Microsoft Issues Windows 10 Patches For Spectre And Foreshadow Side-Channel Exploits

Windows 10
Microsoft is pushing out new microcode updates for Intel processors affected by recently disclosed side channel exploits, including several Spectre variants and the newer Foreshadow flaw. The microcode updates apply to Windows 10 and Windows Server, and cover a range of Skylake, Kaby Lake, and Coffee Lake processors.

"This update is a stand-alone update targeted for Windows 10 version 1803 (Windows 10 April 2018 Update) and Windows Server Version 1803 (Server Core). This update also includes Intel microcode updates that were already released for these operating systems at the time of release to manufacturing (RTM). We will offer additional microcode updates from Intel through this article for these operating systems as they become available to Microsoft," the support page states.

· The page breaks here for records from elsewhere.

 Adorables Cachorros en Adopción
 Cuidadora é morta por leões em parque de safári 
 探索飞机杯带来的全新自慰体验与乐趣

The situation surrounding side channel exploits has been ongoing. Unfortunately, it is not just the original Spectre and Meltdown variants that users have to worry about. More recently, Intel disclosed a new class of exploits called Foreshadow. These exploits involve Intel's Software Guard Extensions, otherwise known as SGX, which is supposed to serve as a secure enclave within memory on the processor to fend off malicious attempts to access private data.

"Accessing a logical or linear address that is not mapped to a physical location on the hardware will result in a terminal fault. Once the fault is triggered, there is a gap before resolution where the processor will use speculative execution to try to load data," Intel explained in a blog post.

So what does this have to do with Microsoft? Dealing with these exploits requires both microcode updates and software patches. Microsoft has been assisting Microsoft with doling out its microcode updates, while issuing Windows software mitigations of its own.

It's possible that more side channel exploits will be revealed at later dates. As for Foreshadow, the good news is that Intel is building in hardware level protections for its future processors, and specifically its upcoming Xeon Scalable CPUs (Cascade Lake) that are expected to ship later this year.